Why Feminists Fear The End of Men

The book and its author.

In her confused and scatter shot New York Times review of my colleague Hanna Rosin’s The End of Men, Jennifer Homans complains that Hanna “cheerfully reports” the rise of women, and accuses her of making a “carelessly apolitical” argument. Look, I am not neutral here: Hanna, Meghan O’Rourke and I started DoubleX together, and I’ve appreciated the bracing and smart singularity of Hanna’s argument since she started making it in the Atlantic. David Brooks captures it perfectly:

Women, Rosin argues, are like immigrants who have moved to a new country. They see a new social context, and they flexibly adapt to new circumstances. Men are like immigrants who have physically moved to a new country but who have kept their minds in the old one… . Rosin is not saying that women are winners in a global gender war or that they are doing super simply because men are doing worse. She’s just saying women are adapting to today’s economy more flexibly and resiliently than men. There’s a lot of evidence to support her case.

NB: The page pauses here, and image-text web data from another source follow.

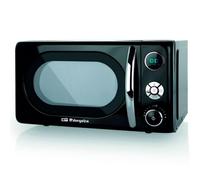 Micro-ondes numérique Orbegozo Mig2044 700 W avec grill, capacité de 20 litres et design noir
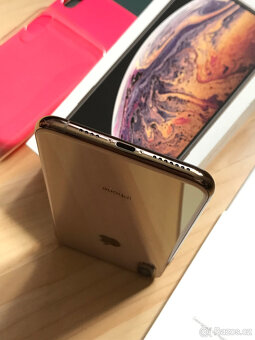 ‼️ iPhone XS MAX 256GB GOLD / KRÁSNÝ STAV ‼️ - 11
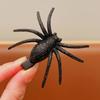 1Pc Ghost Cosplay Supply Black Spider Hairpin For Home Halloween Party Girl Hair Clip Barrettes Hair Accessories Party Supplies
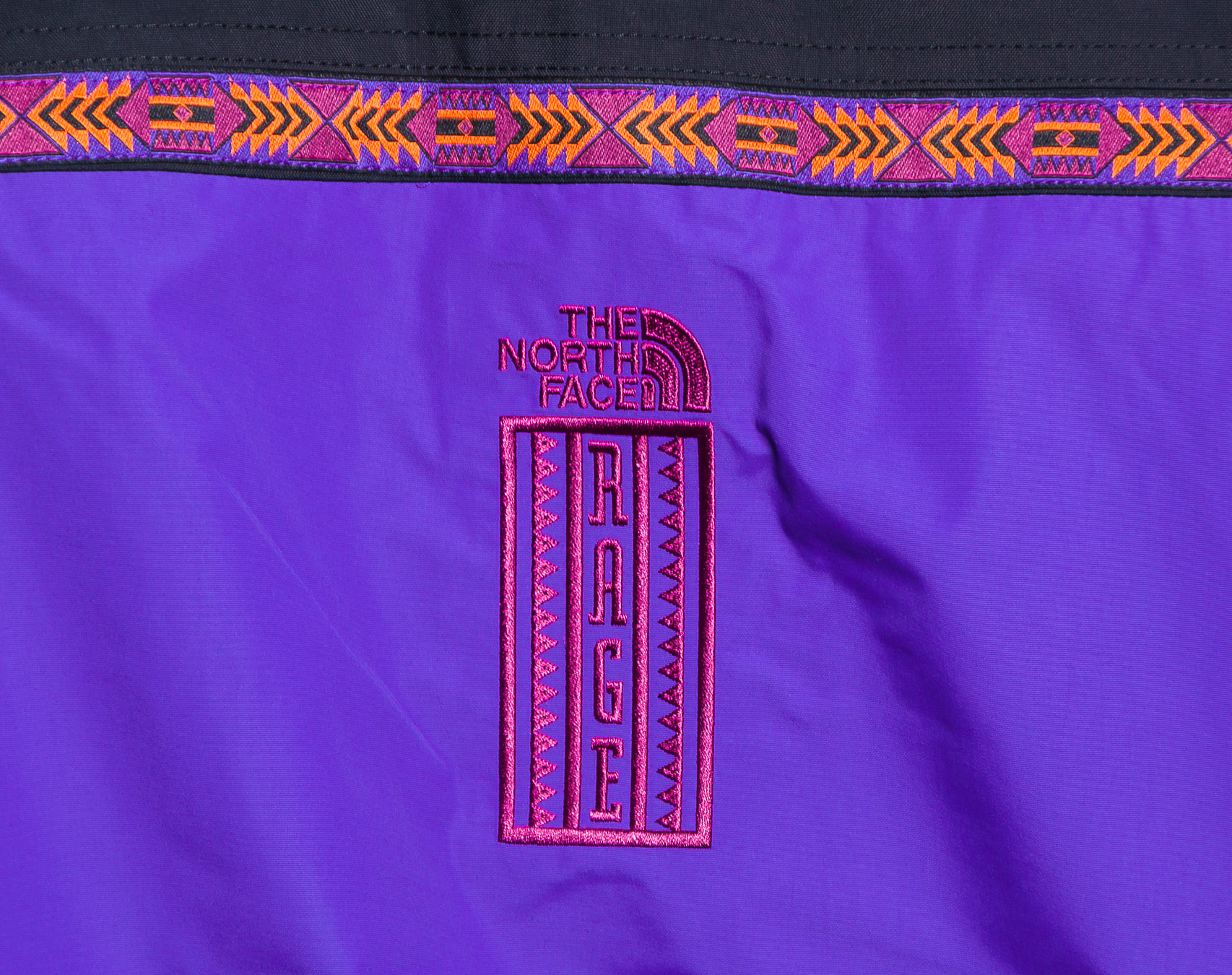 Bunda pánská The North Face '92 Retro Rage Rain Aztec Blue/Rage Combo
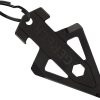 Gerber Broadhead Keychain Tool Black Stainless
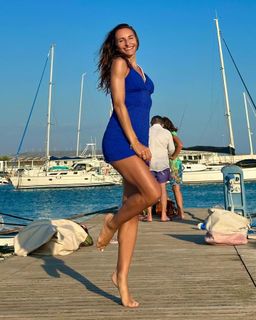Chiara Squaglia feet photo 7
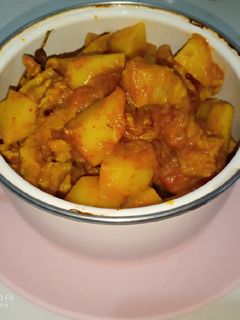 Foto resep Asam padeh daging sapi potato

Hanna isn’t overly cheerful about this. She’s observing a phenomenon and describing it, forcing us to recognize, for example, the affirmative action for boys behind the admissions policies of many elite colleges. Homans faults her for pointing out that girls’ avid study habits tend to serve them better than the relative sloppiness of too many boys. But what’s the point of telling boys to go ahead and be their slapdash selves if it means they underperform and risk becoming failures? Shouldn’t we figure out how to help rather than willfully ignore the fact of their disadvantage simply because it’s gender-based?

I understand that this is uncomfortable terrain for traditional feminists. Recognizing the leg up that women are beginning to have in today’s economy—even if you stipulate over and over again that the advantage isn’t innate—means giving up the familiar underdog mantle. If we let go of that, then we risk also losing the laws and policies that protect us from discrimination, I suppose the thinking goes. You can feel that fear in Homans’ frustration with Hanna for being apolitical. But that can’t be right. We can argue over the timing and the dimension of the rise of women. Yes, it matters a lot that men still run most countries, most Fortune 500 companies, most universities, most everything. Literally speaking, the title “The End of Men” jumps the gun. But that doesn’t mean we should hide, ostrich-like, from the changes that favor women as they unfold before us. In fact, we can’t afford to. That’s the strength of Hanna’s book: She’s forcing us to address our own blind spots. However uncomfortable, it’s utterly necessary.